By David Barber. Wednesday, 07 February 2007.
The superfan saw two Eastbourne Town teams play at the weekend, the first team against old favourites Redhill and the U18s against local rivals Hastings United, and by way of a contrast took in South Korea v Greece in an international friendly at Fulham last night.
That left "The Barber" on 105 matches for the season and 5,237 all told.
I saw my first match at Redhill’s old ground on the Brighton Road way back in 1961. If I remember rightly, we’d gone to see Palace v Hull at Selhurst Park but found it called off due to a waterlogged pitch. There was still time, we calculated, to catch a train via Purley to Redhill and take in most of Redhill’s match with Southall in the old Athenian League.
The Reds were already 1-0 up when we got there on a very damp Saturday afternoon. They went on to win 4-1 and Tony Williams, later the doyen of non-League football, scored twice. At ten years of age I was still obsessed with League football and must have confused those other fans standing near the tea hut with my shouts of "Come on, Reading!"
Not Reading…Redhill!
They ended up being my second team after Palace and they had some good players from the mid-‘60s to mid-‘70s. I saw them win the Surrey Senior Cup against Sutton at Tooting and the Athenian League Cup against Dagenham at Slough and Walton & Hersham at Leatherhead. I especially remember an Amateur Cup tie when we were 2-1 down at Horsham and hit both the bar and the post in stoppage time. More like heart-stoppage time.

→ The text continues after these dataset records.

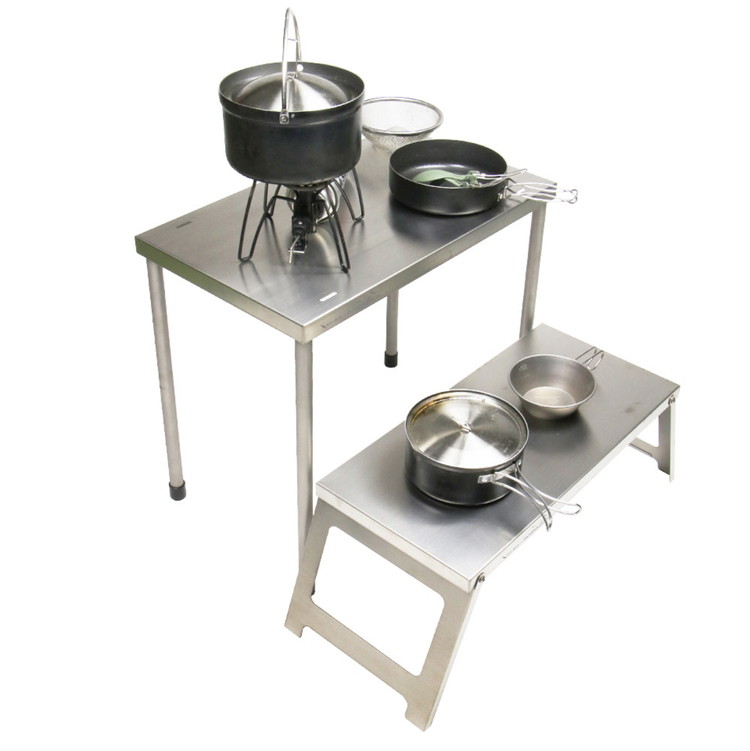 テーブルブロス　チタン | tent-Mark DESIGNS テンマクデザイン WILD-1 ワイルドワン キャンプ アウトドアギア テント バーベキュー BBQ ソロキャンプ グランピング イベント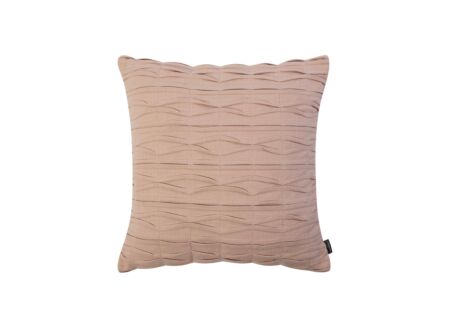 Kussen Paulie 45x45cm - stof - peach pink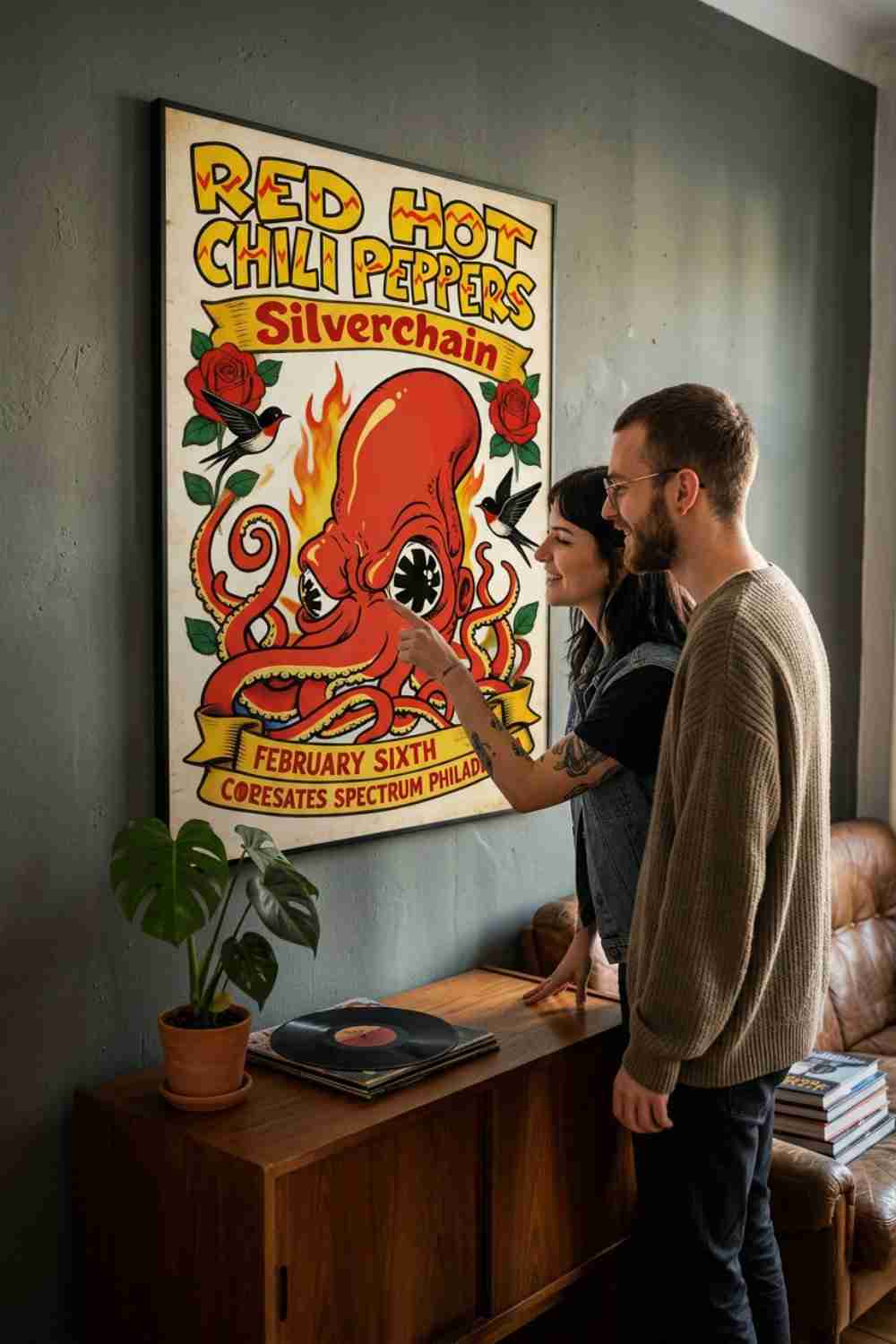 Red Hot Chilly Peppers, Silverchair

I saw them clinch the last Athenian League title at Marlow in 1984 and soon after that they had to leave the Memorial Sports Ground. It was all very sad – but at least they kept going. Last Saturday the poor old Reds lost 3-2 at Eastbourne Town after being 2-0 up at half-time. They are now a Surrey club that plays in the Sussex County League.
It was still sunny, though cold, on Sunday morning as Town’s youth side took on Hastings United before a crowd of 28. Town opened the scoring in the second minute but there could have been an avalanche of goals at the other end after that. Hastings knocked in four and would surely have doubled that tally with steadier shooting.
The most unusual international match I’ve been to is probably St Lucia v Grenada in a tournament on Barbados.
Last night I saw South Korea play Greece at Craven Cottage with my friend Cris Freddi, author of the best-selling novel "Pelican Blood". Lee Chun Soo’s free-kick ripped into the Greek net with ten minutes to go and it won a highly entertaining match.
In the first minute the ball was passed out to the Korean right-winger and thousands of people were screaming and crying and holding their hands in front of their faces. I’d never experienced fanaticism like that at a football match before. It was a bit different to the Saffrons!